Similarly, China’s EV market is grappling with complex pricing battles. Economic uncertainties have led to oversupply, triggering uncontrolled price cuts and zero-kilometer used car sales. Trade barriers and tariffs in Europe and the U.S. further compound challenges for Chinese brands seeking global expansion.
Chinese EV Dominance in Thailand’s Market
Chinese EV brands currently dominate Thailand’s market, capturing over 70% of sales. The number of Chinese brands has doubled in just one year to 18, intensifying pressure on smaller competitors.
This dominance is fueled by Thailand’s aggressive EV incentives, which have attracted over $4 billion in investments from giants like BYD and Great Wall Motors. However, these incentives come with stringent conditions: brands must produce domestically an equivalent number of vehicles to their 2024 imports to qualify for import tax exemptions.
Brands like Neta, one of the first Chinese entrants in 2022, have struggled to meet these requirements due to sluggish sales and tight credit conditions.

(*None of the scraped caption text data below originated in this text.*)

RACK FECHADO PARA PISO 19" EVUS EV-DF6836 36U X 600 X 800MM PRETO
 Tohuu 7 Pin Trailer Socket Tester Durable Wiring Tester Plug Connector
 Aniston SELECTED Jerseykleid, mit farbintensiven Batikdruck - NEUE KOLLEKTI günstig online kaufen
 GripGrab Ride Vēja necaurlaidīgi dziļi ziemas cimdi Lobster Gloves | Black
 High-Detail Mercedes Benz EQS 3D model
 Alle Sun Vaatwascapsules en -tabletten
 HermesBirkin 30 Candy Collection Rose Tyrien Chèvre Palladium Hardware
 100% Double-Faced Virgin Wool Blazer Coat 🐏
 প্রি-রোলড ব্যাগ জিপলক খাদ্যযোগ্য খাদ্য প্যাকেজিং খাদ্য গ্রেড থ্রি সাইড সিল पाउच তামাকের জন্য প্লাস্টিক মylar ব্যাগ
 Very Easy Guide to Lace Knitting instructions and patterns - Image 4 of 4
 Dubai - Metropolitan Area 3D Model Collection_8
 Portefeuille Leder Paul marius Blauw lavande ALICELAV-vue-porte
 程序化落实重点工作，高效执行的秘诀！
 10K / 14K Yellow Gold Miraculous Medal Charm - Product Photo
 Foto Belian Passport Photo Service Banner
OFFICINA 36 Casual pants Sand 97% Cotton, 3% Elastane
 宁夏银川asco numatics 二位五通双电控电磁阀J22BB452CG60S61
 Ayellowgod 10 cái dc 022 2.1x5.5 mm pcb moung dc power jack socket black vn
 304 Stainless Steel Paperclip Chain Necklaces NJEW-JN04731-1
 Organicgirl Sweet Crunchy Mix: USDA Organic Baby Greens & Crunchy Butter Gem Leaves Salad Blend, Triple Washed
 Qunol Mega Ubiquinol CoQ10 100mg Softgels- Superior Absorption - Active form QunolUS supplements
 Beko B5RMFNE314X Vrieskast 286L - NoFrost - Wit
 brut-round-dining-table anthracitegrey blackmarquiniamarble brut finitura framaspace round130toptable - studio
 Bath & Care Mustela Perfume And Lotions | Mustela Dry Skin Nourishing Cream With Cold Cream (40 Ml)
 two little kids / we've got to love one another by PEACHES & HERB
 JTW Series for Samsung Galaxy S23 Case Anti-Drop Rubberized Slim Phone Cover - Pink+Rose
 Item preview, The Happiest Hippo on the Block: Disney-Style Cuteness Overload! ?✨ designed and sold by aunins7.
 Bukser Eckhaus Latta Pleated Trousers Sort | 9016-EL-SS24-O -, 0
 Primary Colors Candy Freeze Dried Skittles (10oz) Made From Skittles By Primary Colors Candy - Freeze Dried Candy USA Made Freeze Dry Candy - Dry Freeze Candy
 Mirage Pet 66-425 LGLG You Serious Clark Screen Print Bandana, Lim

In response, Thailand’s Board of Investment (BoI) extended production deadlines in late 2024 to prevent oversupply and escalating price wars.
Under the revised rules, unmet 2024 production targets can be carried over to 2025, but with stricter conditions: brands must produce 1.5 times their imported volumes. The BoI aims to boost Thailand’s EV exports to 12,500 units in 2025 and 52,000 by 2026.
Thailand, historically a Southeast Asian automotive hub dominated by Japanese brands like Toyota and Honda, set an ambitious goal in 2022: 30% of its vehicle production to be electric by 2030. However, excess capacity and fierce Chinese competition have made this target increasingly challenging.